Late in the quarter, differentials widened more significantly due to regional pipeline maintenance and delays to the Rover pipeline project. Given the timing uncertainty of Rover, we are expecting some further weakness in Marcellus differentials in the second half of the year and have consequently revised our expected Marcellus natural gas to realize price differentials between 2017to $0.75 per Mcf below NYMEX.
In our producing region of Northeast Pennsylvania, there is approximately 600 million cubic feet per day of incremental pipeline takeaway capacity coming online towards the end of 2017. Once Rover and other pipeline projects slated for completion during the rest of 2017 are in-service, we expect our Marcellus price differentials to improve further to levels tighter than we realized in the first half of 2017.
Briefly on financial hedging. Our funds flow is well protected for 2017, as we have over 70% of our crude oil production net of royalties hedged for the rest of the year at an average floor price of about $50 per barrel WTI largely through three-way collars.
We've added to our 2018 hedge positions and now have about 65% of our crude oil net of royalties hedged based on 2017 volumes at average flow price of $53 per barrel WTI Finally our balance sheet remains very strong. At quarter-end, our cash balance was $385 million, our total debt net of cash was $308 million and our net debt trailing funds flow ratio was 0.7 times.
Now I will pass the call back to Ian for some closing comments.
Ian Dundas
In summary, we are pleased with our operating and financial performance through the first half of 2017 and remain on track to deliver our increased production targets this year. Our financial position is rock solid, which view as a powerful strategic advantage, as we manage through this volatile and complicated market.
And so with that, I will turn the call over to the operator, and we will open up for questions you might have. There we go.
Operator
[Operator Instructions] Your first question comes from the line of Greg Pardy with RBC Capital Market. Your line is open.
Greg Pardy
Thanks. Thanks, good morning.
Ian, definitely vacation is in focus. Nice quarter.
Just a couple of questions on the shape of your CapEx. 3Q and 4Q spending, would it sort of roughly be two-thirds in the third and maybe the balance in the fourth, in terms of the back of the year spend?
Ian Dundas
You're talking about the rest of the year spend, that's not about…
Greg Pardy
Yes. Okay, okay.
Perfect. And then if we're in a $50 world next year, would you directionally expect CapEx to be more or less what you spend this year?
Or do you think you'll be a lot higher?
Ian Dundas
It’ll be higher.
Greg Pardy
Okay.
Ian Dundas
I mean, our -- you said a lot, I don't know what the lot.
Greg Pardy
I mean, you sort of mind, $50 that kind of thing.
Ian Dundas
Those are your numbers, they're not terrible. If you sort of go back to what we're trying to accomplish, we've got a three-year growth target that's sort of weighted towards our liquid spend, which levers us 20% CAGR on our liquid.
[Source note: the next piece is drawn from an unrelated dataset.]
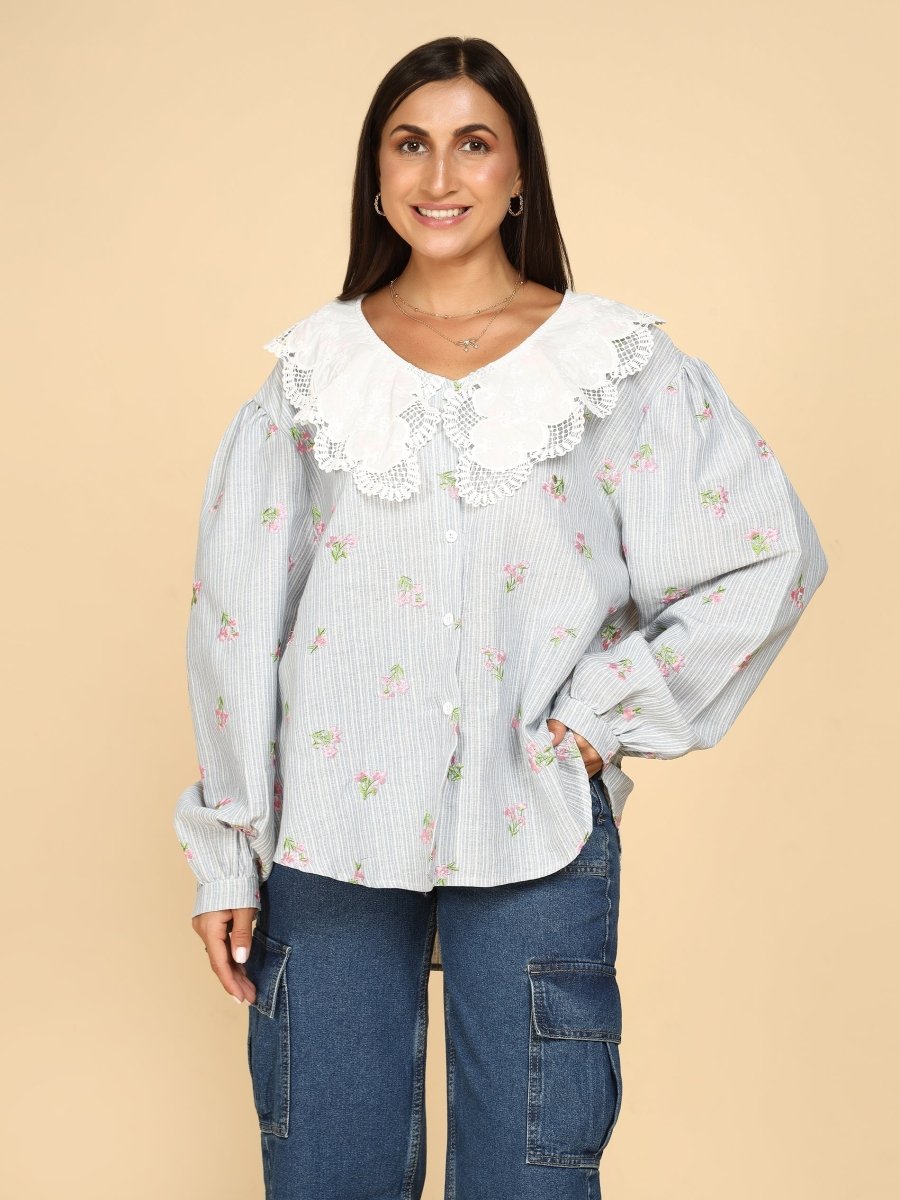 Embroidered Floral on Stripes Shirt - LEYR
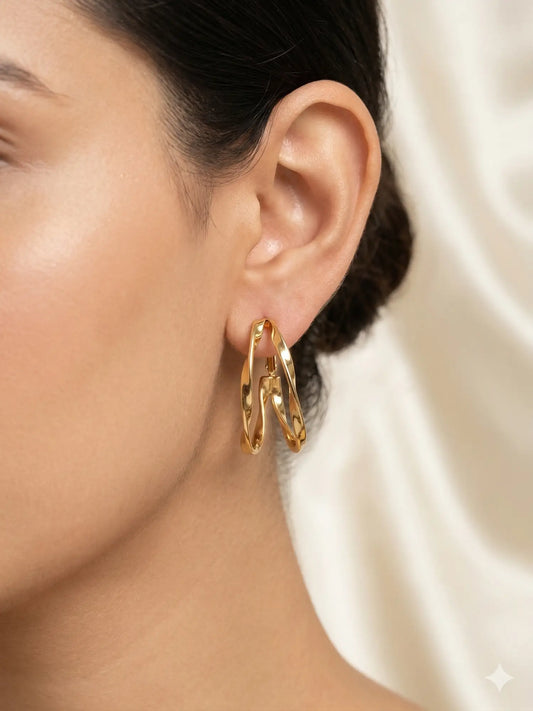 Double-Layered Twisted Helix Hoops Earrings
In a $50 world with $3 NYMEX, we can make all of that happen within cash flow. And so notionally, that looks like something in the pipes next year, notionally.
And yes, we'll be smart in connection with that, but we're in a pretty good position where we're not going to have to life [indiscernible] on that. The balance sheet is so strong and the hedge book is so strong.
It gives us the flexibility there. But that's not a bad way to think, Greg.
Greg Pardy
Okay. Great.
And maybe just a question for Ray. The Bakken results, I guess, what stood out to me is just the lateral links, but yet not that much of a difference in lot of cases between the IPs.
And in some cases, even though, I think, the 90-day IP you quoted was quite impressive. But could you – could we dig into that just a little bit.
I know you're using more profit and so forth, but some of the wells are a lot – just a lot shorter than others, but very, very good results, nonetheless?
Ray Daniels
Yes. So we – what we do is we take a percentage of the long wells with the short wells.
And as we start completing these short wells, we've seen that the initial performance is a lot better. And we still haven't changed the EUR of these short wells.
We just think that the initial production from that shorter length is better than we had predicted. And the benefit of that is to the value of the wells than at present value of the well.
Greg Pardy
Okay, great. And you mentioned, I think, you've got, I think, another 19 to go in the back half.
What percent would be the short versus the long laterals? Just roughly is fine.
Ray Daniels
Our asset to…
Ian Dundas
I think things can move around a little bit, but – certainly, if you step back a long versus short trough, it started way back when with more shorts. You're talking two to three years ago.
And then our view evolved to economics in the longs were a lot better. And so we transitioned to more longs.
That would still be our view that economics on longs are better. However, we're seeing some interesting rates here, and you got to be careful.
As Ray said, you don't get too fired up in that, because in early time, your only – most of your contribution income of long well would be from that heel of the well, not the toe. So we threw at a 180 days of data, which is better than a month of data, but we'll be smarter on these things in six months and that scaling factor that Ray talked about, broad brush.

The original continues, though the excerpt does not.